Pseudo Documents like these allow you to leverage REST to accomplish very interesting things as easily as in any standard procedure call. The added benefit is that every critical message in the business service becomes a declared and defined part of the information taxonomy which often improves communication. This strategy also allows for algorithmic translation between REST and standard RPC services like SOAP or RMI to ensure parity across different types of interfaces.

Tuesday, January 17, 2012

Domain Driven: The Consumer is King

One of the key reasons great software is successful is that it does a very good job of using metaphors and representations of information that everyone understands. Consumers of software systems must dictate the language used to deal with work or intuition works against them at every turn. This Domain Dictionary of terms, concepts, and metaphors are already in use wherever we build software and whether it's inherited from generally accepted concepts like finance or accounting, an established industry like publishing or banking, or are part of what differentiates the way a specific organization operates from another, years of evolution have ingrained the ideas (if not the entire lexicon) of the Domain Language in the minds of your customers.

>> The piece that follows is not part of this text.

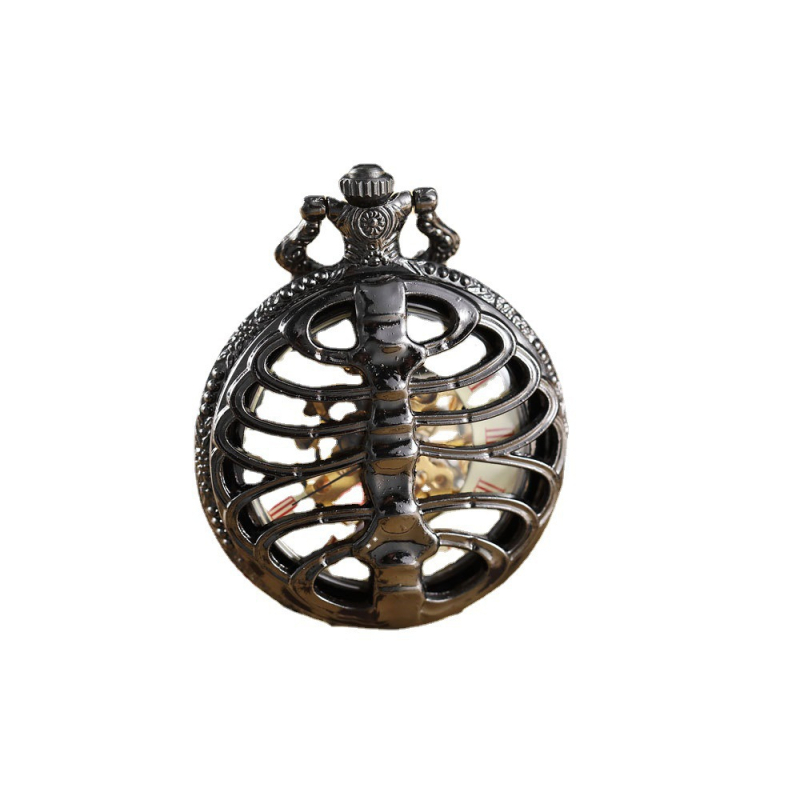 Zsebóra mechanikus működéssel, kör alakú számlap, ötvözet tok, analóg kijelző, karikatúraszerű csontváz-stílusú dizájn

The Domain Driven community refers to the result of capturing the domain language as a Ubiquitous Language stating that the terms of the language should proliferate all communication and code. This concept is among the most powerful concepts in Domain Driven Design and incredibly valuable in ensuring all members of a project team and the stakeholders communicate and share information properly. In the end, every API, class name, package name, URL pattern, e-mail must reference the domain language (or ubiquitous language) and a good architect will ensure that these definitions are up to date and spread across the team in some easily accessible and referable form (wikis make a great repository for the glossary).

What is key about this approach is that it alters the typical entity strategy (ground-up) construction of a system when done properly and focuses on the consumer of the system and its services first (top-down). This means leading with the language the consumers already use (and visualizations that make sense helps too) all the to the field level and making a commitment to every known view of information as they understand it. It also means abandoning the urge to force new metaphors or force-feed vocabulary (at least as much as possible) on the consumers (your customer) and an expectation that the architect and development team will handle translation of the conceptual model or domain model to the underlying Entity Model (that deals more directly with data as it's stored in a database).

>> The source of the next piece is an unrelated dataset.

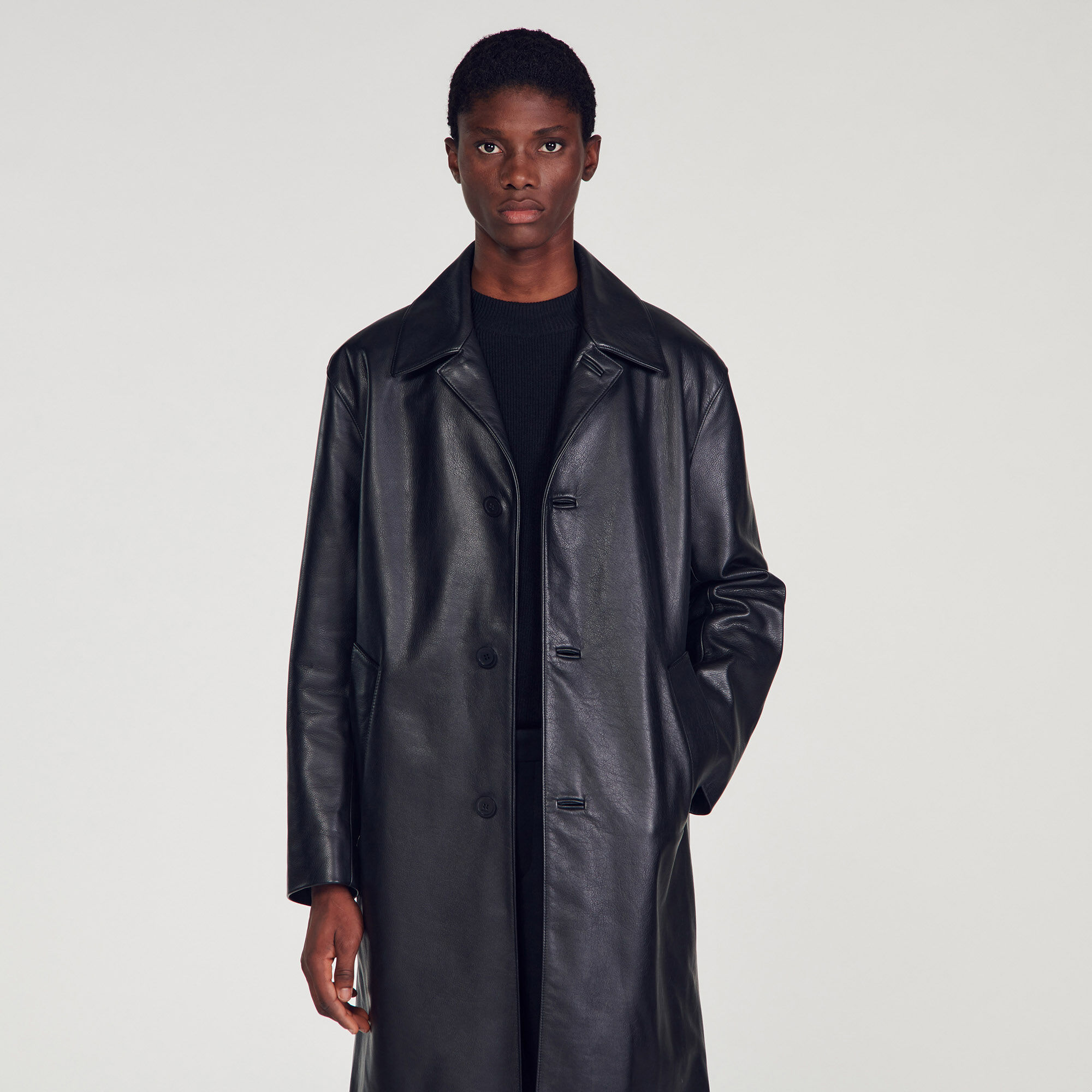 Long black top leather coat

If necessary, this abstraction can carry down to the data model in the form of views or materialized views particularly if your consumers feel strongly about reporting from the data model directly. Ideally, the chosen system architecture should supports a remote Services API layer, a business domain services layer, and a separate data access layer where domain data objects (DTOs or VOs) can be translated into more granular or less business friendly (although you should keep this minimal if possible) Entity Model representations. Still, the code at the domain data layer should be almost understandable to anyone in the domain because it should be completely reliant on actions and domain information definitions directly from the Domain Language Lexicon (DLL) or Dictionary (DLD). Actions, Entities (or Objects), Processes, and Events will make up the backbone of the language and those names should show up across the code base to ensure easy mapping between requirements, code, and sub-systems.

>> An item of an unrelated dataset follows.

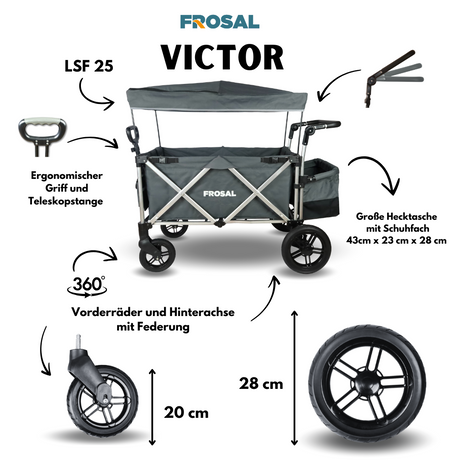 FROSAL Bollerwagen VICTOR faltbar für Kinder klappbar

The more the underlying code base and user interface reinforce the DLD/DLL, the better chance of the development team delivering a system that is intuitive and clear to their consumers. The same goes for basic web services APIs and other integration points. The name of the game is consistent semantics across from top to bottom and clean, clear flow from one operation to the next. The great news is, great architecture strategies like MVC, OOD, N-Tier, Event-Driven, and Process Driven are all compatible with Domain Driven Analysis where the consumer is king. Done right, everyone wins and innovation will be well received because it will speak to everyone when it's delivered.